73. In case of clause (v) to section 2(47), clearly the expression used is “contract of the nature referred to in section 53A of T.P. Act”, which means it is not a case of incorporation of one piece of legislation into another piece of legislation. If that was the intention of the Parliament, obviously clause ( v) would contain the expression “contract as defined under section 53A of Transfer of Property Act, 1882”. Further, it is settled position of law that any interpretation which could render a particular provision redundant should be avoided. If the contention of the Ld. counsel was to be accepted, obviously the provisions of clause (v) of section 2(47) of the Act would become redundant in the sense that registration of agreement would again be made compulsory but since properties were being sold in the market on “power of attorney” basis through unregistered agreements which would make this provision redundant.
74. Thus, it is clear that non registration of agreement cannot lead to the conclusion that provision of section 2(47) (v) is not applicable. Similar view has been taken by ITAT Cochin Bench of the Tribunal in case of G. Sreenivasan Vs DCIT 28 Txmann.com 200 (Coch. ) and ITAT Pune Bench in the case of Mahesh Nemi Chandra Ganeshwade v ITO 21 Taxmann.com 136 (Pune). In view of this legal position, this contention is rejected.”

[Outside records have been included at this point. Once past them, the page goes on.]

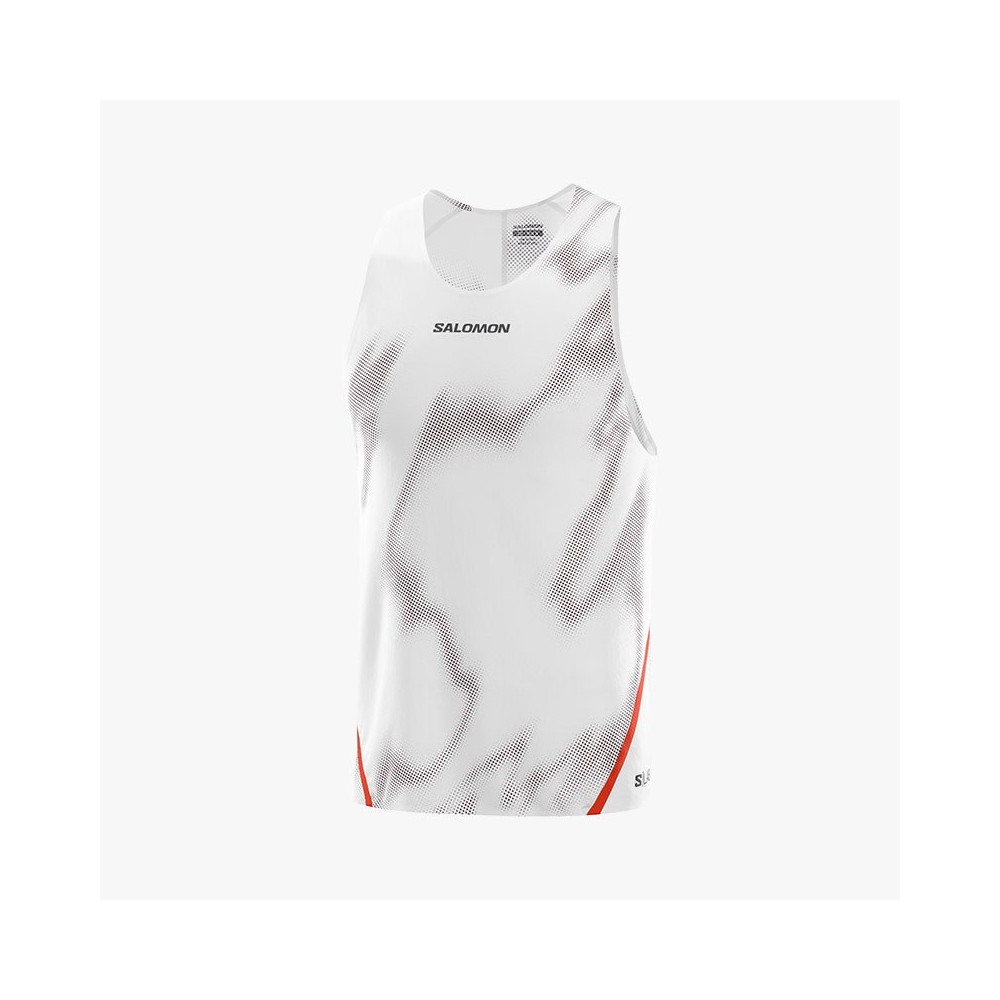 ▷ Camiseta salomon s/lab speed singlet white/andorra por SOLO 85,00 €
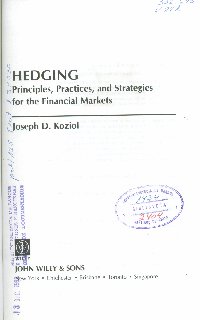 Imagen de la cubierta de Hedging.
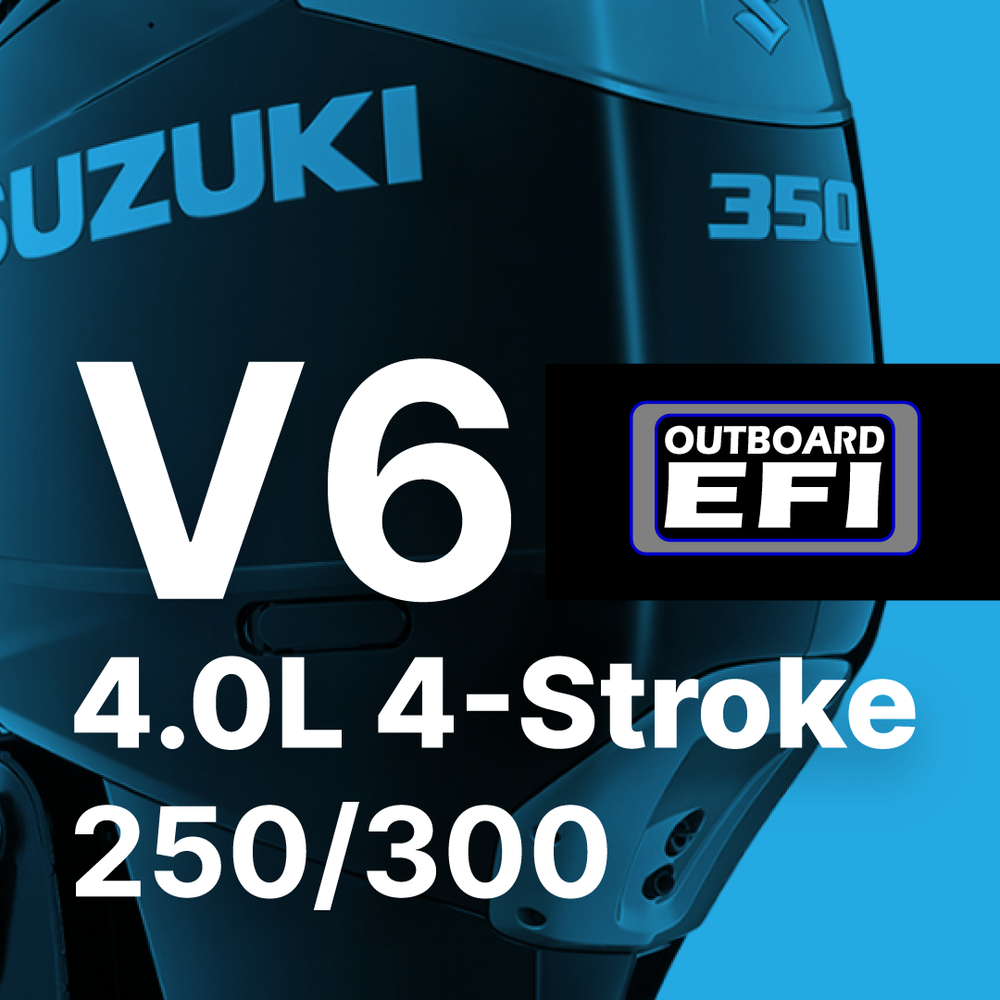 V6 4.0L Suzuki DF250, DF300 Outboard EFI Tune (2007-Present)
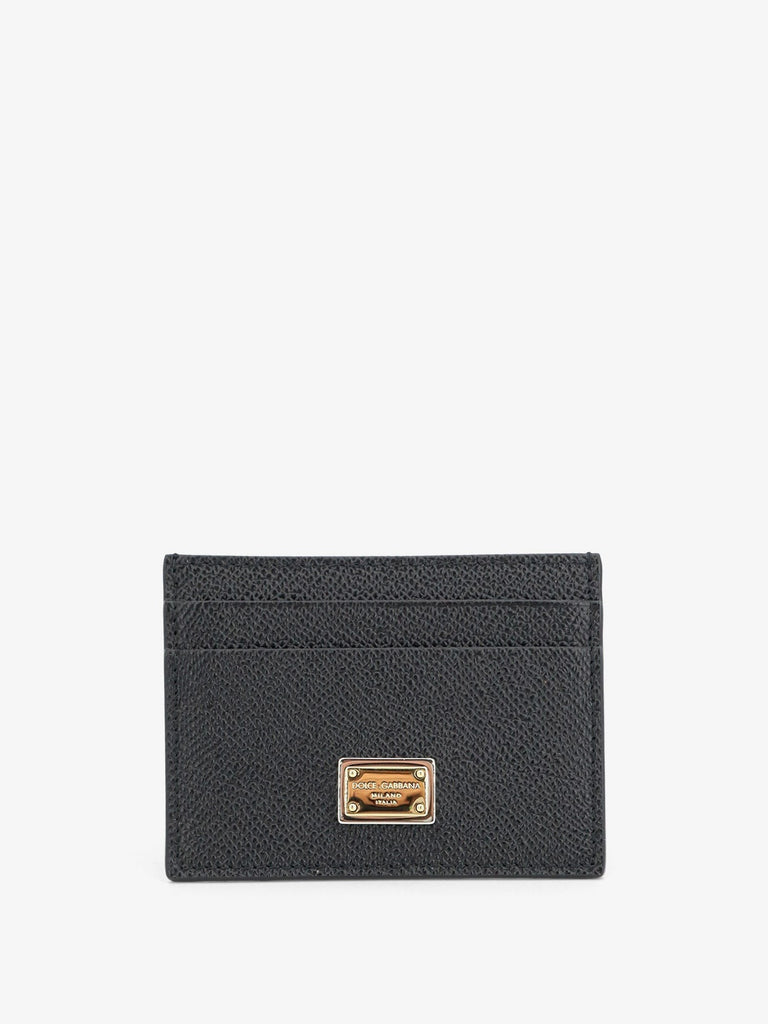 Hammered leather card holder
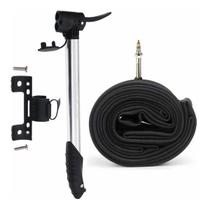 Kit Bomba De Ar Bico Fino E Grosso + Câmara De Ar Bico Fino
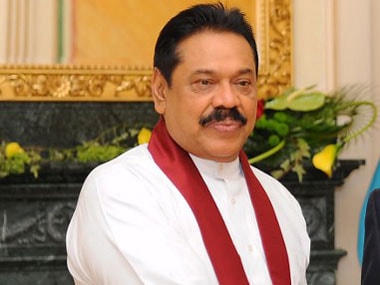 Mahinda Rajapaksa. AFP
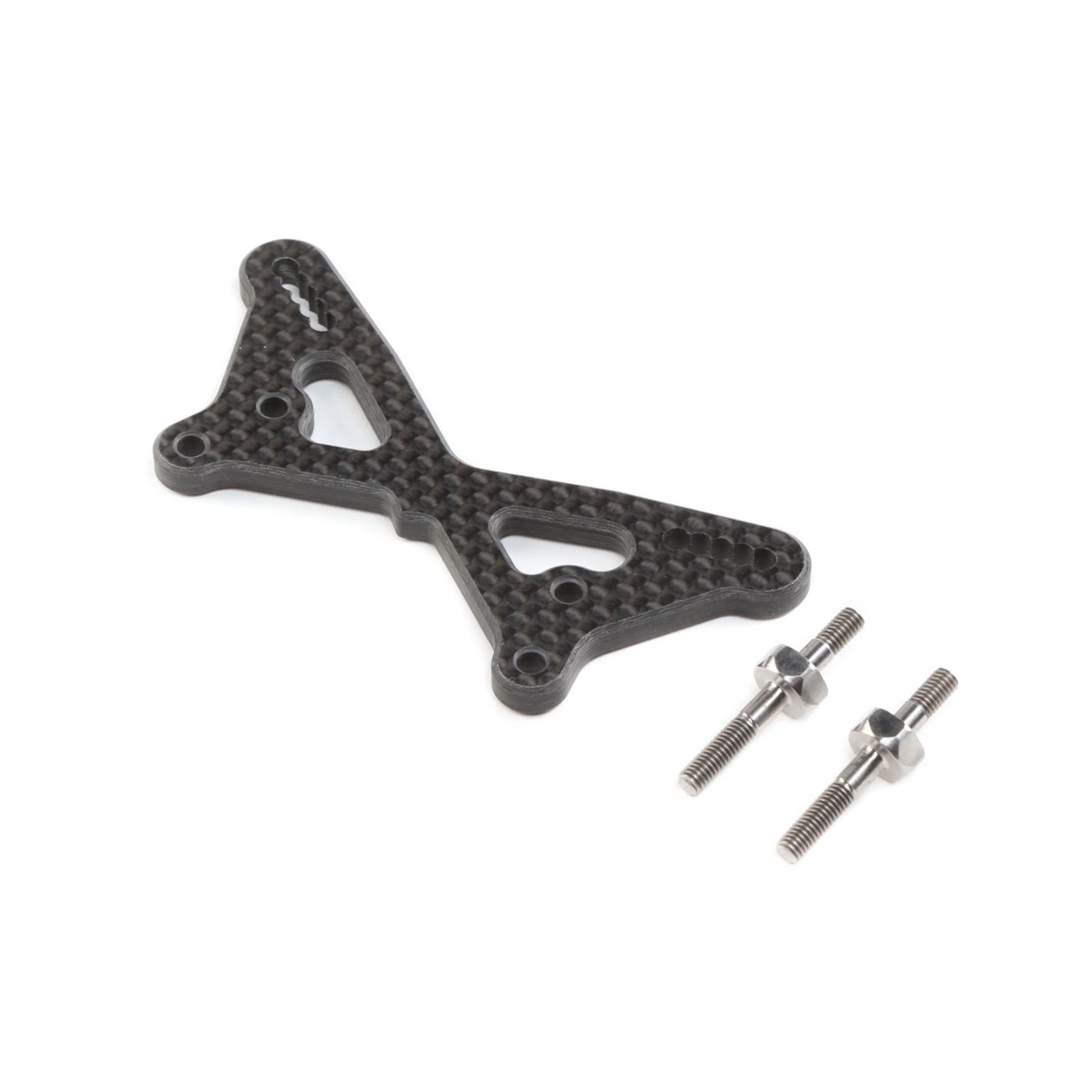 TLR TLR334054 Carbon Front Tower w/Ti Standoffs: 22 5.0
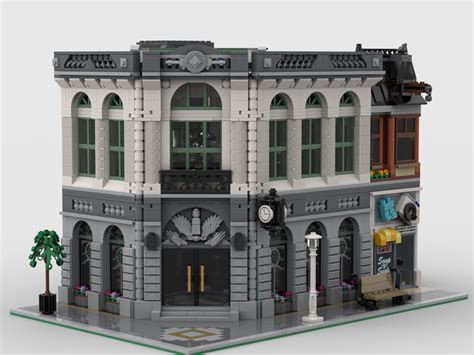 LEGO Modular Brick Bank Chamfered Corner Alternative Build To Set 10251 ...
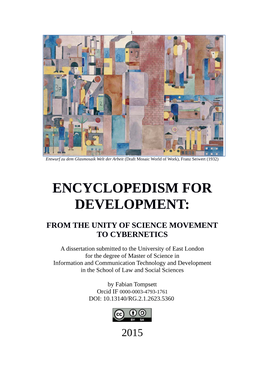 Encyclopedism for Development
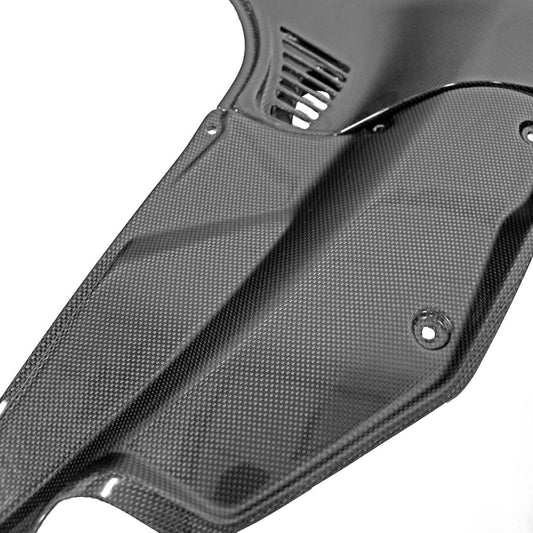 Fabspeed Carbon Fiber Front Trunk Cargo Area Trim - Ferrari 488 GTB/Spider (FS-CF-FER-488FTT)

13. In view of what has been discussed above, we are of the considered view that benefit of deduction u/s 54F of the Act cannot be denied to the assessee merely on the ground that conveyance deed has not yet been got registered particularly when the assessee is proved to be in possession of the property in question out of which she was already owner in possession of 1/3rd share since 2008 after making a complete payment of the sale consideration to the vendors and has duly proved her possession over the property by way of electricity and water charges bills. So, we find no reason to interfere into the impugned order passed by the ld. CIT (A) allowing deduction to the assessee u/s 54F of the Act, hence appeal filed by the Revenue is dismissed.
Order pronounced in open court on this 30th day of July, 2021.